Rewards
Understand how rewards like Emissions, External Rewards, and Rebase work in the Thirdfy ecosystem and who earns them.
Thirdfy offers several ways to earn rewards by participating in the ecosystem. Different activities grant you access to different reward streams. Here's how they work:
1. Emissions (TFY/xTFY Tokens)
These are new TFY tokens created weekly to incentivize participation in the ecosystem.
Current Reward Scope: Automated Pools
Currently, TFY/xTFY Emissions and the gauge voting system are primarily focused on automated liquidity pools managed by our partner, Ichi. For these pools, the protocol calculates your emission rewards based on your share of the pool and how long you provided liquidity during each weekly epoch.
You can also create manual concentrated liquidity (CL) positions and earn trading fees directly from swaps.
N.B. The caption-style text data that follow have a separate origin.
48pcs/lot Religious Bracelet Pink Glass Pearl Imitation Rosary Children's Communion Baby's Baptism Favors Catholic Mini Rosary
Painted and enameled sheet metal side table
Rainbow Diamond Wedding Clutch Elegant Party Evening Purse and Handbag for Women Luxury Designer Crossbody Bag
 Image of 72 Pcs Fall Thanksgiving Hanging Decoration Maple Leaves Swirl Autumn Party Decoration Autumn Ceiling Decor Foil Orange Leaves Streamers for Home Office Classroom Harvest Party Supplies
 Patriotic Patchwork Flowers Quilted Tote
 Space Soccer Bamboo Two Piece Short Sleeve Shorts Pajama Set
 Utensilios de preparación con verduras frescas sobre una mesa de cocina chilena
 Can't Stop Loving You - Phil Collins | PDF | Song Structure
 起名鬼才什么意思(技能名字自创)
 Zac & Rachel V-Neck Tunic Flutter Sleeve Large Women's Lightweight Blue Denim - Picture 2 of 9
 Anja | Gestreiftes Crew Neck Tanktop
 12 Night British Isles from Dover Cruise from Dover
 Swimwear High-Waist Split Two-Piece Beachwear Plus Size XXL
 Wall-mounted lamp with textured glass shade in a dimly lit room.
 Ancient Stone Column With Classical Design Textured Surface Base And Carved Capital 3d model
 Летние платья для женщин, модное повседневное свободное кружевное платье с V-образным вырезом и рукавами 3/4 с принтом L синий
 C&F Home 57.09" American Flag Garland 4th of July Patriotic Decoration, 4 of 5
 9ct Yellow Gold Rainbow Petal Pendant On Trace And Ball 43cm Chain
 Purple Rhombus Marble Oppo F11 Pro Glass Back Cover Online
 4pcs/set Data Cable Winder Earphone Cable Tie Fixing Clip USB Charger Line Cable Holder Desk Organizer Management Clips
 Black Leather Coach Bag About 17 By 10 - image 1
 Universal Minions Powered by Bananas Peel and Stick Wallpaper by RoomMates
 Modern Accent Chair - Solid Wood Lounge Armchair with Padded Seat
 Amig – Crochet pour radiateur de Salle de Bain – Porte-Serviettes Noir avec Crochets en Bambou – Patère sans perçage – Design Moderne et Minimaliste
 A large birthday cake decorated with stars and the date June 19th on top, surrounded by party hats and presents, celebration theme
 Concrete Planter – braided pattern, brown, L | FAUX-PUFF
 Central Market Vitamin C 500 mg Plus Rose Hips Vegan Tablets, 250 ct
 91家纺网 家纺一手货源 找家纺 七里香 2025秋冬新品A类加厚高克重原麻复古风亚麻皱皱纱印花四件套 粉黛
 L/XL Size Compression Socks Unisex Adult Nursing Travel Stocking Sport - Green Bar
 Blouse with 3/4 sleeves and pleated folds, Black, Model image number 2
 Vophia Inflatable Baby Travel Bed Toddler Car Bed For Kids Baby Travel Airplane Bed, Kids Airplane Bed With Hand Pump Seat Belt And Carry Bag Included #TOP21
However, at this time, manual positions do not receive TFY/xTFY emissions, nor can they be used with the automated o33 strategy.
Who Directs Emissions?
xTFY stakers (including the o33 vault) vote weekly to decide which liquidity pools (gauges) receive these emissions.
Who Earns Emissions?
Liquidity Providers (LPs) in the chosen pools earn emissions based on their share and how long they provide liquidity. Voting directs emissions, but only LPs claim them.
2. External Rewards (Permissionless Incentives)
Anyone—protocols, teams, or individuals—can permissionlessly add extra token rewards to incentivize specific actions within Thirdfy. There are two main types:
LP Incentives
External tokens added directly to a liquidity pool (gauge). These rewards are distributed to Liquidity Providers (LPs) in that specific pool, based on their share and time providing liquidity. This encourages users to add liquidity to specific pairs.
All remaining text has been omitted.